▶ _Dataset records_
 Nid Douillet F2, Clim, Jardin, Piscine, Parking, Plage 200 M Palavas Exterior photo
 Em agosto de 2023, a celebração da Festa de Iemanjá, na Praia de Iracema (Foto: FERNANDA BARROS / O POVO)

==

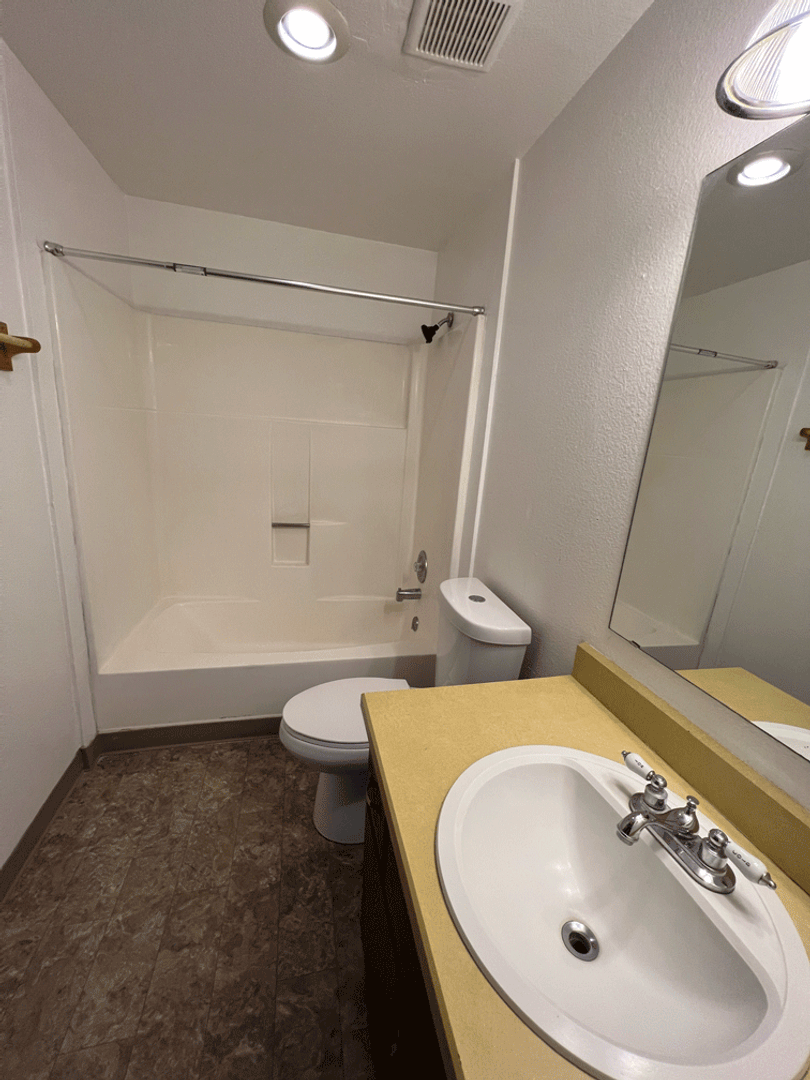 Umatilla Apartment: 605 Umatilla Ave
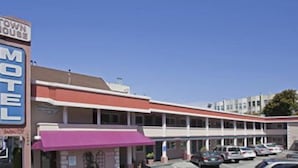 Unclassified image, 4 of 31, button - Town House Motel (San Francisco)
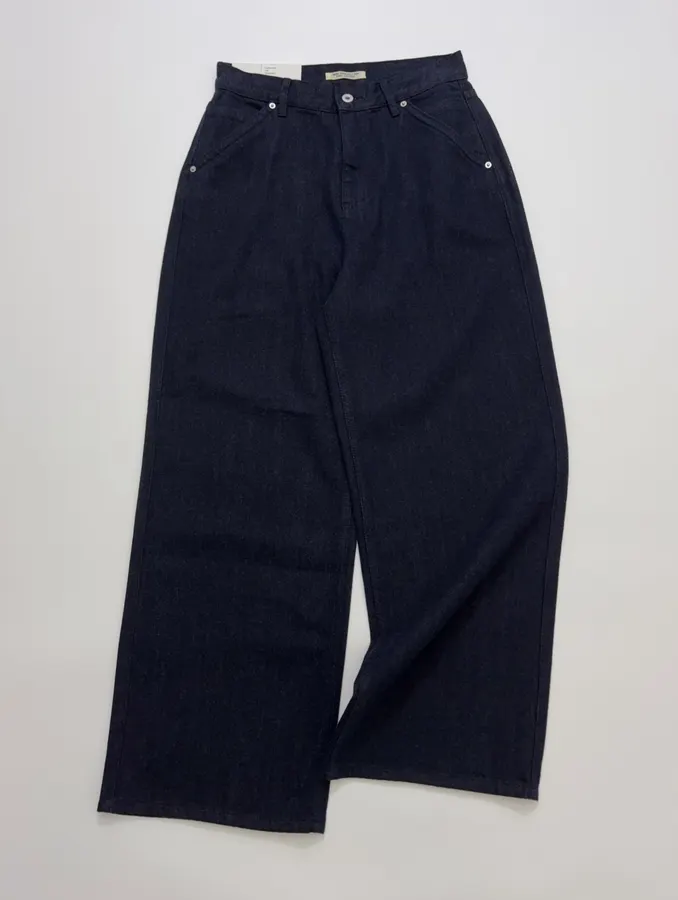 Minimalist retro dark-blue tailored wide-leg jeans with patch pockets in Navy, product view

▶ _Work order_
Give the lines above again exactly, from the one containing "Umatilla Apartment: 605 Umatilla Ave" to the one containing "Minimalist retro dark-blue", both included, but leave out the pictures.

▶ _Answer below_
 Umatilla Apartment: 605 Umatilla Ave
 Unclassified image, 4 of 31, button - Town House Motel (San Francisco)
 Minimalist retro dark-blue tailored wide-leg jeans with patch pockets in Navy, product view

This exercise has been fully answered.